Chris Cahill (Mariel Hemingway) is a hurdler coached by her domineering dad. She fails to qualify for the Olympics at the '76 trials but finds herself taken under the wing of Tory Skinner (real life athlete Patrice Donnelly), a pentathlete. (The pentathlon consisted of the long jump, high jump, shot put, hurdles and 800 meters. It has since been re-christened as the Heptathlon.) Tory, of course, sees something in Chris that no one else does and convinces her requisitely hardscrabble coach Tingloff (Scott Glenn), against his better judgment, to take her on. But Tory doesn't simply see something in Chris on the track, she sees something in her off it. Chris reciprocates the feeling. They begin a relationship and move in together and Towne handles this matter-of-factly, without shock and awe, just two people - regardless of sexual orientation - who dig each other. Kudos to him.


Drama arises when Tingloff suggests Chris switch from hurdles to pentathlon. Naturally this would put the couple at competitive odds, and before long that transitions from the track to the home front. And yet Tory can never quite bring herself to be TOO angry with Chris because merely as a track-person, she understands Chris's skills in the event are too good to be put too waste because of a peskily li'l thing like love.

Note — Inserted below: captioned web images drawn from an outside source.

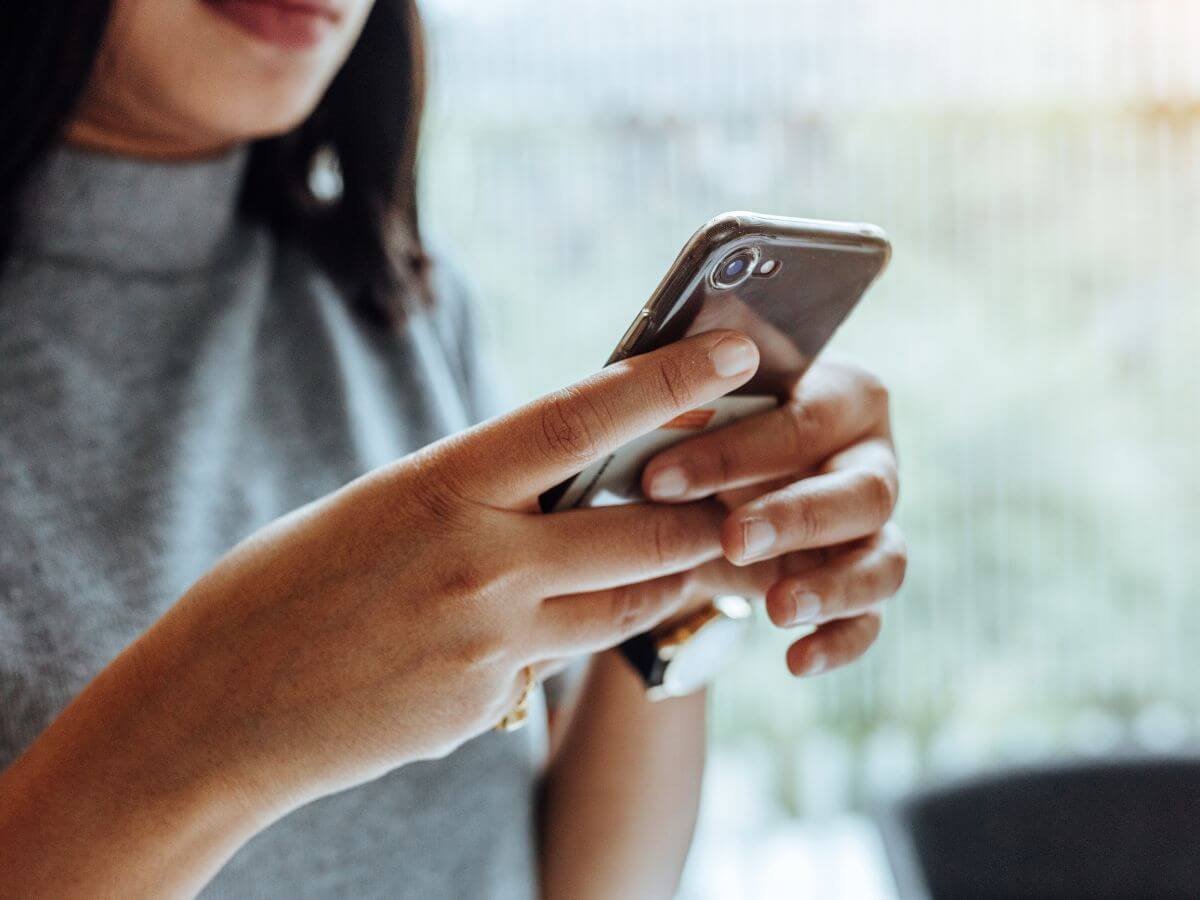 Mood Tracking for Bipolar: Why I Do It (and How It Actually Helps)?&nbsp;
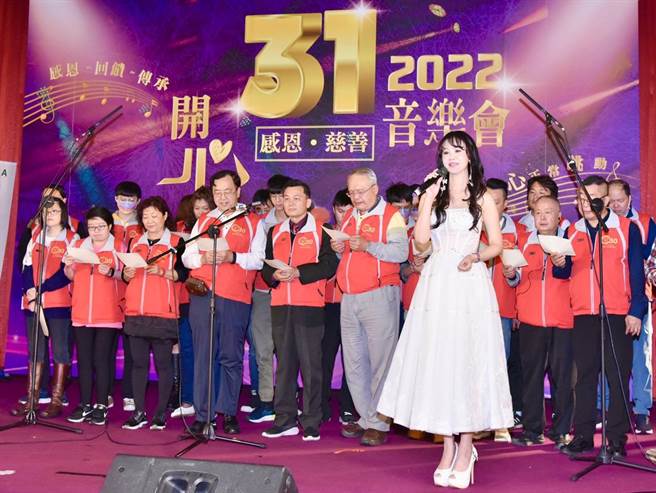 張如君帶領心臟病童，為開心感恩慈善音樂會獻上公益首唱。 （泛美國際文教基金會提供)  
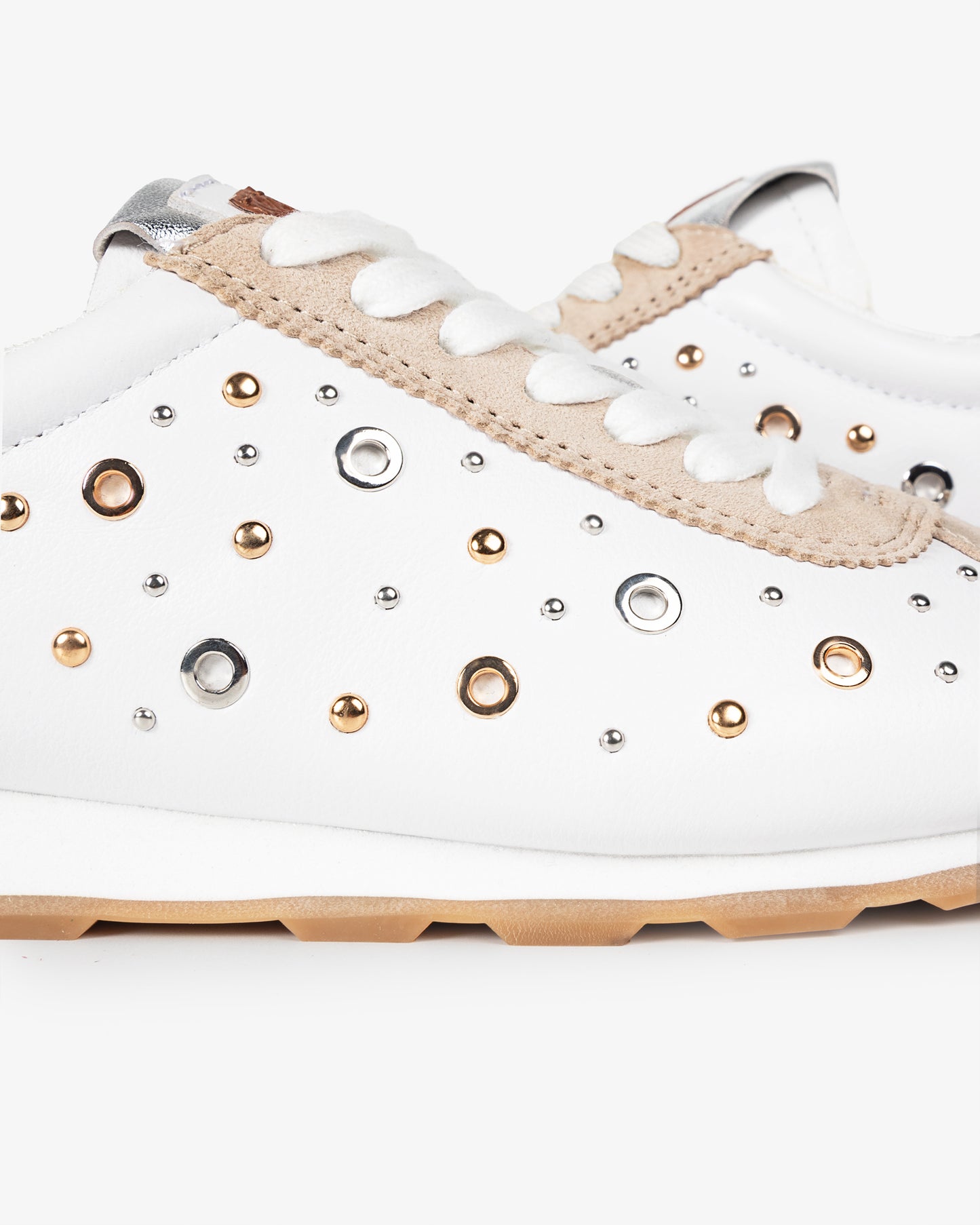 Zapatilla Inara Tachuelas Blanco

That, I suspect, is what Towne yearns to convey, to show how incestuous this track culture can be, how they all sort of pair off and break apart and pair up again, and how the running and jumping and throwing, whether they know it or not, whether they want it to or not, rules and overrides all. But the structure of the film - jumping back and forth from the track to the home front - is clumsy and that makes it feel dramatically inert. So, too, is the lead performance of Hemingway problematic. Three years removed from her wondrous work as a mature if still little girl in "Manhattan", she is unable to convey her monumental undertaking. Too often it's as if she's going through a rigorous application process to work at Santaland in Macy's than the freaking Olympic Games.

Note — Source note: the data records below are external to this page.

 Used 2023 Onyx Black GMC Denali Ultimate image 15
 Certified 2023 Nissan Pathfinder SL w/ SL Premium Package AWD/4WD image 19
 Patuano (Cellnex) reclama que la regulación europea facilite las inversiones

But the film's greatest downfall occurs in the wake of the inevitable break-up between Tory and Chris when Towne has Chris Meet Cute in the pool with the kindly water polo player Denny Stites (Kenny Moore). Kenny Moore may have been a fantastic real life runner and he may be a fantastic writer, but his acting is so lethargic that half his line-readings border on un-intelligible. There is no genuine spark between the characters and, even worse, it potentially underscores the notion that Chris needs someone in her life to succeed but that she needs a man as opposed to a woman to succeed. I have no doubt - none whatsoever - that Towne did not mean it that way but, my God - my God - is it easy to read it that way.


There is a moment at the Olympic Trials when Chris, struggling mightily after her first two events, all the way back in sixth place, and in danger of not making the top three and, in turn, the Olympic team dashes over to find Denny in the stands. He gives encouragement and advice. Suddenly, she is sunny with a smile. She turns things around. She finishes first. She goes to the Olympics. (But, you know, not really. This is would have been the trials for Moscow. To quote Pete Hornberger: "Stupid peanut farmer.") And, thus, that tried and not necessarily true movie maxim re-rears its frustrating face - without a relationship, you're dead in the water.

This Chris Cahill would have been so much tougher.

1 comment:

Anonymous said...

I've never even heard of this film before, but not too interested after reading your review. I've only seen Mariel Hemingway in 'Lipstick.' Have you seen it? I think her sister Margaux is in it too, it's a revenge thriller from the mid 70s. I didn't think she's a particularly compelling actress.